It’s best eaten fresh and grilled or barbecued.
Horseradish sauce is good with mackerel – it helps cut through the oiliness – particularly good with smoked mackerel.
Here, you’re going to grill or broil it (depending on where you live, the method is the same, but the term is different)
Mackerel reminds me of summer holidays spent in Cornwall when I was a child – there were always boats going out from the harbours advertising mackerel fishing trips.
The salad is one I use often. I don’t like big lumps and slices of salad stuff – it’s boring and most people get fed up eating it – it becomes a chore!
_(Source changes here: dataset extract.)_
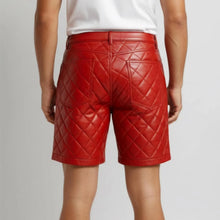 Load image into Gallery viewer, New red quilted leather shorts for mens. Genuine Sheepskin Biker leather shorts.
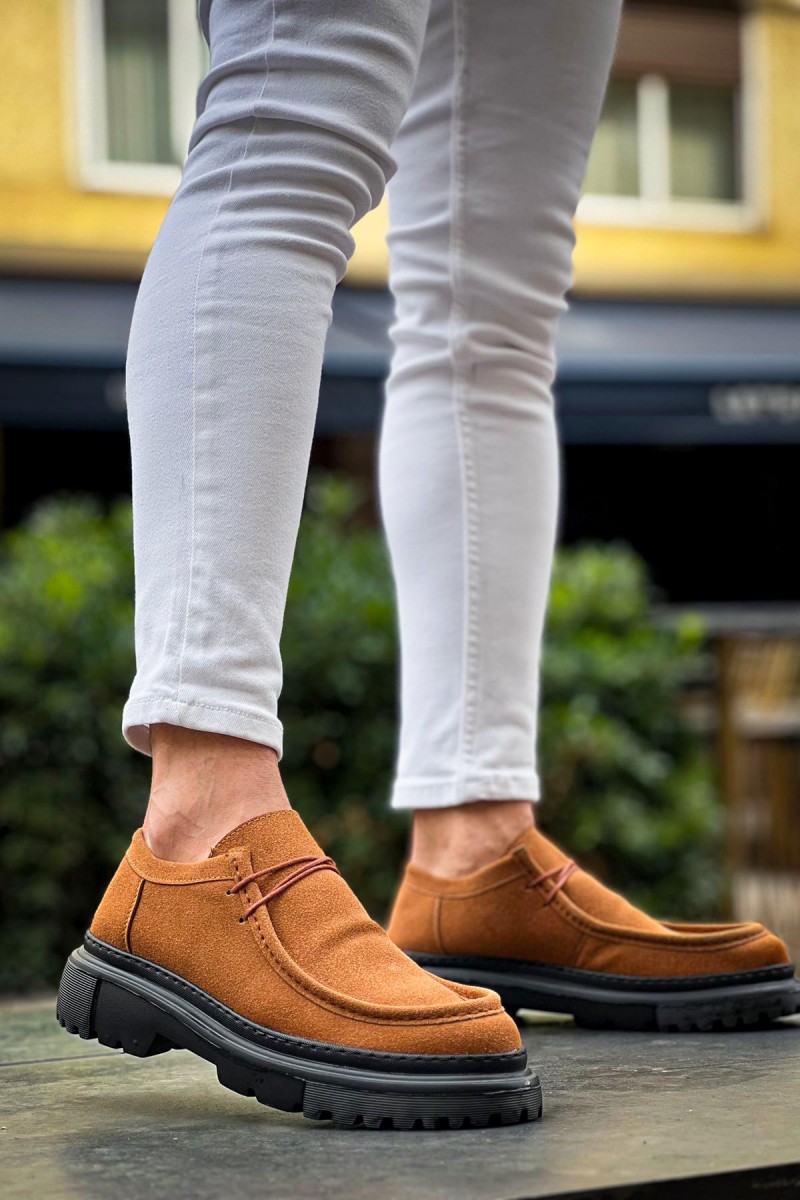 Mens Shoes - Tan Black Suede - 2404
The ingredients are just suggestions – use whatever you like but dice it and dress it with vinaigrette.
1 kg (2.2.lbs) new potatoes
4 fillets of mackerel
olive oil to brush
1 pepper – any colour
small can drained sweetcorn
few sticks of celery
3 tablespoons vinaigrette dressing
Put the potatoes on to boil – about 20 minutes, until tender.
Prepare the salad.
Slice and dice the salad ingredients into quite small pieces – you’re aiming for 1/4 inch dices – slice the tomatoes and then cut into strips, then dice – same with the cucumber and pepper.
Slice the celery very finely.
Mix in a large bowl and coat with the vinaigrette – leave in the fridge to chill whilst you cook the fish.
Heat the grill to high – broiler
Brush the mackerel with oil and grill for about 3 minutes either side.
It cooks very quickly – you can tell it’s cooked when it’s firm to the touch.
Serve with the boiled buttered new potatoes and salad.
If you like offer some horseradish sauce to serve.